Mais c’est aussi l’histoire du retrait de la famille d’actionnaires de la première heure, de la vente à un groupe néerlandais, de la difficile remise en question structurelle du commerce de détail face à l’émergence du commerce en ligne.

Une trajectoire faite de hauts – entrée en bourse en 1997 – et de bas – faillite en 2015 de Macintosh Retail Group, propriétaire à l’époque, ce qui avait donné lieu à un premier appel à l’aide.

La maison de mode FNG est alors entrée en scène tel un ange salvateur. Reste que les promesses n’ont pas été tenues. La faute à des ambitions trop élevées, à des bases financières trop fébriles, à une gestion trop axée sur les finances et à un esprit d’entreprise pas assez sain. La crise sanitaire aura porté le coup de grâce à FNG et Brantano. En marge, la justice a ouvert une enquête en raison de possibles malversations financières.
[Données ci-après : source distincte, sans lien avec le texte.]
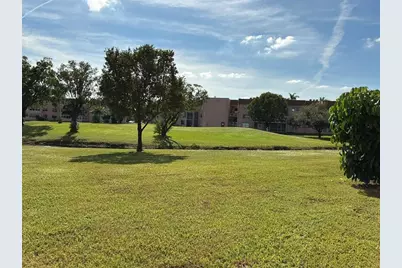 9481  Sunrise Lakes Blvd, Unit #102, Sunrise, FL 33322 - Photo 2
L’histoire n’aurait pas dû nécessairement prendre une telle tournure. Il est regrettable qu’une marque aussi connue du grand public en Flandre disparaisse ainsi de la circulation. Ce clap de fin appauvrit davantage le paysage de la distribution dans notre pays, et entraine la perte de quelques centaines d’emplois.

Le naufrage de Brantano fait également grincer des dents auprès d’autres marchands de chaussures. Ces derniers, déjà frappés de plein de fouet par la crise sanitaire, voient à présent un concurrent en faillite liquider ses stocks à coup de réductions à hauteur de 75%. Un exemple flagrant de concurrence déloyale.

Il n’en demeure pas moins que le malheur des uns fait le bonheur des autres. En reprenant 43 magasins Brantano, le géant de la chaussure Deichmann, déjà actif dans 31 pays, se place d’emblée en position de force sur le marché belge, où il avait à peine pignon sur rue auparavant. Pour Deichmann, entreprise familiale, il s’agit là d’une aubaine.

Une entreprise disparaît, et une autre vient la remplacer. Ainsi va, en partie, la dynamique économique. Survient le drame ou l’idylle, selon la perspective. 

Et le consommateur, dans tout cela ? Pour l’heure, il n’a guère de soucis à se faire : il trouvera encore et toujours chaussure à son pied.